| name | autonomous-execution |
| description | Execute implementation plans or backlog items autonomously with shared-context architecture for maximum accuracy |
Autonomous Execution
Execute implementation plans or backlog items to completion without human intervention, using a shared-context architecture that keeps requirements fresh in the main agent's mind.
Core Principle
Use context budget for accuracy, not efficiency.
The main agent maintains full context (requirements + execution history + code) throughout execution.

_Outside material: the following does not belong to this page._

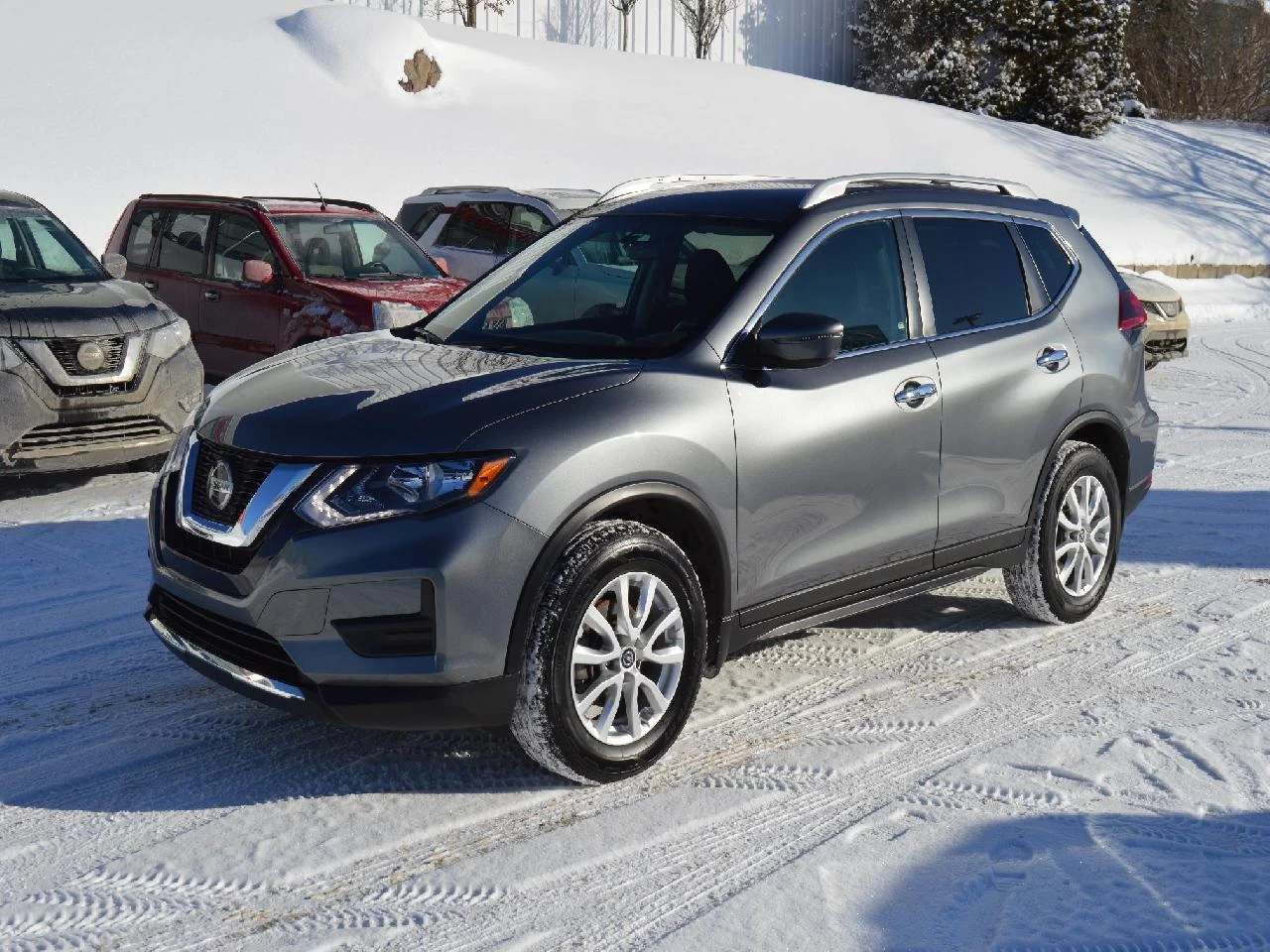 2020 Nissan Rogue S Image principale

This prevents requirement fragmentation and enables immediate verification against original requirements.
Context budget per task: ~10k tokens (requirement doc + execution log + changed code) Typical execution: 7 tasks = 70k tokens, well under 200k budget
When to Use
Use for:
- Implementation plans with 5+ tasks
- Backlog items with multiple steps
- Multi-hour implementations
- Work when human review isn't available
Don't use for:
- Single tasks (just implement directly)
- Exploratory work without clear requirements
- Work needing real-time human oversight
- Ambiguous requirements
Prerequisites
- Dedicated worktree (isolated environment)
- Requirement document (design doc or backlog item)
- Implementation plan OR backlog item with Proposed Solution section
Process Overview
Setup:
1. Verify isolation, load requirements
2. Create state file + execution log
3. Extract tasks, create TodoWrite
Main Loop (per task):
1. Re-read requirement doc (keep fresh)
2. Dispatch implementation subagent (with full requirement)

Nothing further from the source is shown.